The paper primarily focuses on experimental validation and no major theoretical inconsistencies were identified.

实验设计与分析

Yes, I reviewed the experimental setup, including dataset partitioning, evaluation metrics, and ablation studies. The methodology is sound, and the comparisons with baselines are fair.

补充材料

Yes, I reviewed the supplementary material, particularly additional experimental details and hyperparameter settings. The supplementary content provides further clarity on implementation.

与现有文献的关系

The paper builds on existing work in federated learning and prompt learning by addressing heterogeneity using Singular Value Decomposition (SVD)-based projection and bidirectional alignment. It extends prior federated prompt learning approaches by enabling varying local prompt lengths, improving adaptability to non-IID data distributions.

遗漏的重要参考文献

The paper provides a comprehensive review of related work, citing essential studies in federated learning, prompt learning, and vision-language models. No significant omissions were identified.

其他优缺点

Strengths (1) The paper effectively combines federated learning and prompt learning, introducing a dual-layer prompt structure that balances global generalization and local personalization. The integration of Singular Value Decomposition (SVD)-based projection and bidirectional alignment is an innovative approach to mitigating conflicts between global and local knowledge. (2) Heterogeneous federated learning is a critical challenge, and this work provides a scalable and adaptable solution. The ability to support varying prompt lengths per client enhances personalization, making it applicable to real-world federated settings with non-IID data distributions. (3) The experiments cover multiple benchmark datasets, including single-domain, multi-domain, and cross-domain settings, demonstrating the robustness of FedPHA. Comparisons with state-of-the-art methods further validate its effectiveness. (4) The paper is well-written, with clear problem formulation, methodology descriptions, and result interpretations. Figures and tables are informative, enhancing readability.

Weaknesses (1) The explanation of the SVD-based projection is unclear.
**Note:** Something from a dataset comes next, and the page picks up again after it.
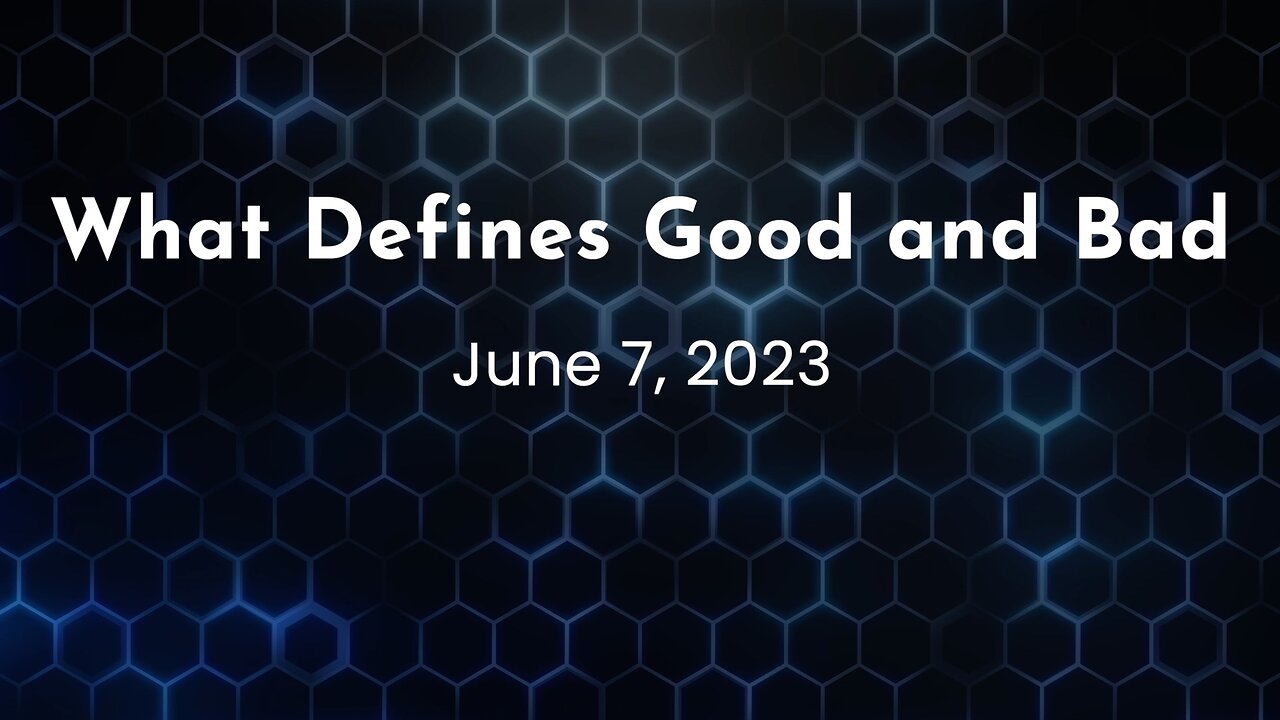 What Defines Good Or Bad | The Seth Pohle Show Ep. 1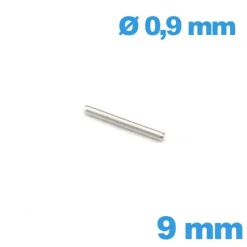 Goupille Droite Montre Bracelet Acier - 9 mm - diam. 0,9 mm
Could the authors further elaborate on why and how it effectively mitigates conflicts between global and local prompts? A more detailed theoretical discussion would be helpful. (2) The choice of ratio (ρ) in Eq.(9) and alpha (α) in Eq.(12) plays a crucial role in model performance. A deeper sensitivity analysis of these hyperparameters could provide valuable insights into the stability and adaptability of FedPHA across different federated settings. (3) There are some inconsistent expressions in the paper, such as the dataset names in Table 1 and Figure 3, which are not uniform. The authors may consider carefully reviewing the wording for consistency to improve clarity and readability.

其他意见或建议

No further comments or suggestions.

作者回复

Dear Reviewer oKVN:

Thank you for your thoughtful review and for raising key concerns regarding our work. We aim to address your concerns in our detailed responses below, hoping to provide clarity and demonstrate the effectiveness of our proposed approach.

Weakness

W1: Theoretical Explanation of SVD-Based Projection

A1: Thank you for highlighting this point. We agree that a clearer explanation of the SVD-based projection mechanism is essential, especially given its role in handling heterogeneous client data. In Section 3.3, we now provide a more detailed account of its purpose, mathematical formulation, and intuitive significance, which we summarize below.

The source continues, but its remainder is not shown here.